ATC Group: L01F Monoclonal antibodies and antibody drug conjugates

Amivantamab is a low-fucose, fully-human IgG1-based EGFR-MET bispecific antibody with immune cell-directing activity that targets tumours with activating EGFR Exon 20 insertion mutations. Amivantamab binds to the extracellular domains of EGFR and MET. Amivantamab disrupts EGFR and MET signalling functions through blocking ligand binding and enhancing degradation of EGFR and MET, thereby preventing tumour growth and progression.

Atezolizumab is an Fc-engineered, humanised immunoglobulin G1 (IgG1) monoclonal antibody that directly binds to PD-L1 and provides a dual blockade of the PD-1 and B7.1 receptors, releasing PD-L1/PD-1 mediated inhibition of the immune response, including reactivating the antitumour immune response without inducing antibody-dependent cellular cytotoxicity.
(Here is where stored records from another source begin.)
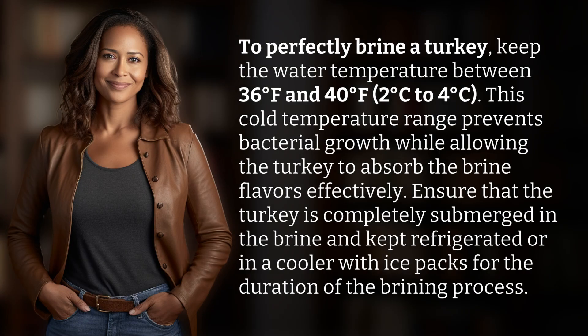To perfectly brine a turkey, keep the water temperature between 36 degrees Fahrenheit and 40 degrees Fahrenheit — 2 degrees Celsius to 4 degrees Celsius. This cold temperature range prevents bacterial growth while allowing the turkey to absorb the brine flavors effectively.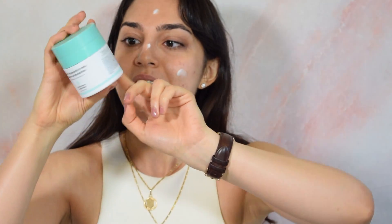Now I'm going to move on to a moisturizer. This is the Protini Polypeptide Cream from Drunk Elephant. I did a whole video where I discussed every single ingredient in this product, its benefits, and what research is out there for it — so go check that out if you care.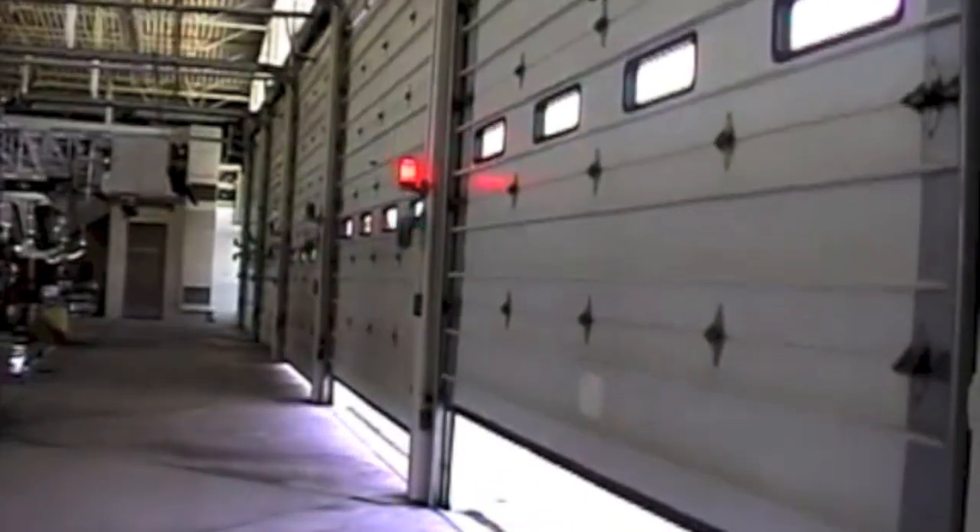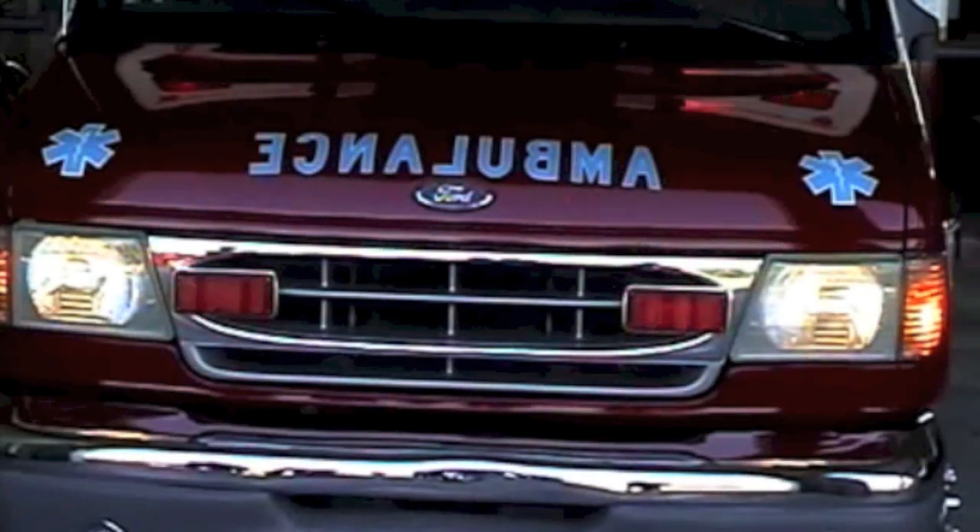In addition to your EvacuSled evacuation policies and procedures, for bed-confined patients, the Super Sled may be used to evacuate stretcher or gurney-based patients.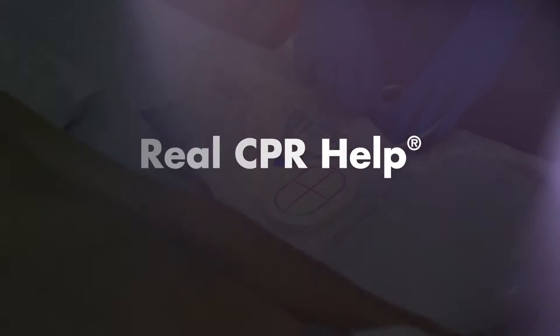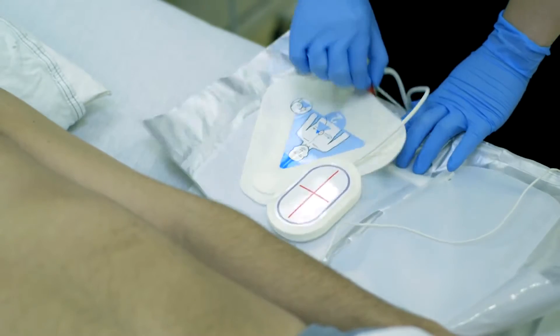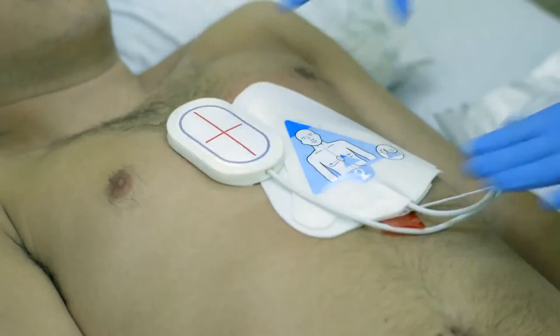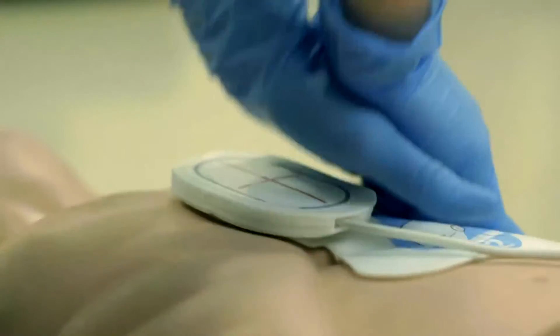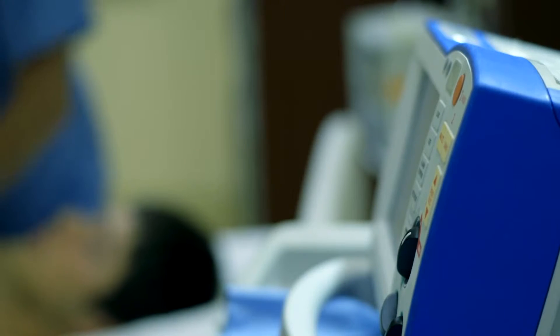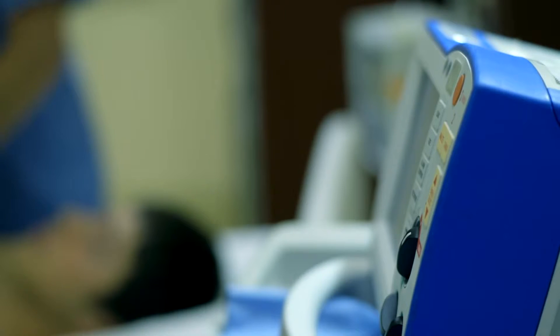Real CPR Help. For adult patients, the One-Step Complete and CPR electrodes include a CPR sensor. The CPR sensor monitors the rate and depth of chest compressions and sends this information to the R-Series. You should always use a backboard or CPR mattress when administering CPR.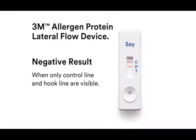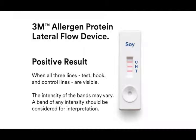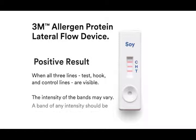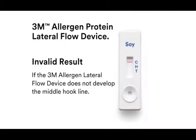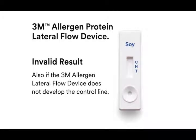A sample is considered positive when all three lines — test, hook, and control lines — are visible on the 3M allergen protein lateral flow device. A sample is considered invalid if the device does not develop the middle hook line; the absence of the hook line alerts you that the sample may be overloaded with allergen protein and the extracted sample needs to be diluted. A sample is also considered invalid if the device does not develop the control line.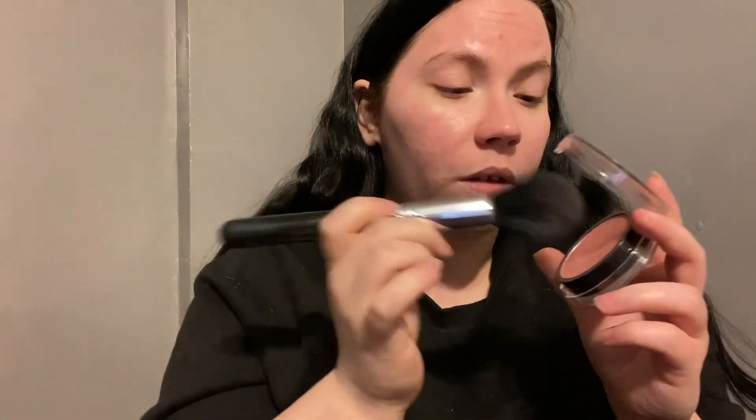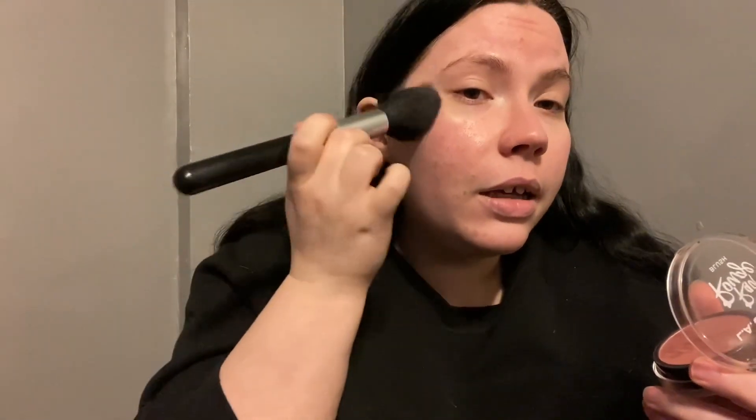I like to go in with blush first, so I'm going to be using the LA Colors Red Rouge. I found this blush technique on Instagram and I think it's been going viral on TikTok. I like to load up my brush and then pat it in first, just to create a little base layer.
Avelumab is a human immunoglobulin G1 (IgG1) monoclonal antibody directed against programmed death ligand 1 (PD-L1). Avelumab binds PD-L1 and blocks the interaction between PD-L1 and the programmed death 1 (PD-1) and B7.1 receptors. This removes the suppressive effects of PD-L1 on cytotoxic CD8+ T-cells, resulting in the restoration of anti-tumour T-cell responses.

Bevacizumab binds to vascular endothelial growth factor (VEGF), the key driver of vasculogenesis and angiogenesis, and thereby inhibits the binding of VEGF to its receptors, Flt-1 (VEGFR-1) and KDR (VEGFR-2), on the surface of endothelial cells. Neutralising the biological activity of VEGF regresses the vascularisation of tumours, normalises remaining tumour vasculature, and inhibits the formation of new tumour vasculature, thereby inhibiting tumour growth.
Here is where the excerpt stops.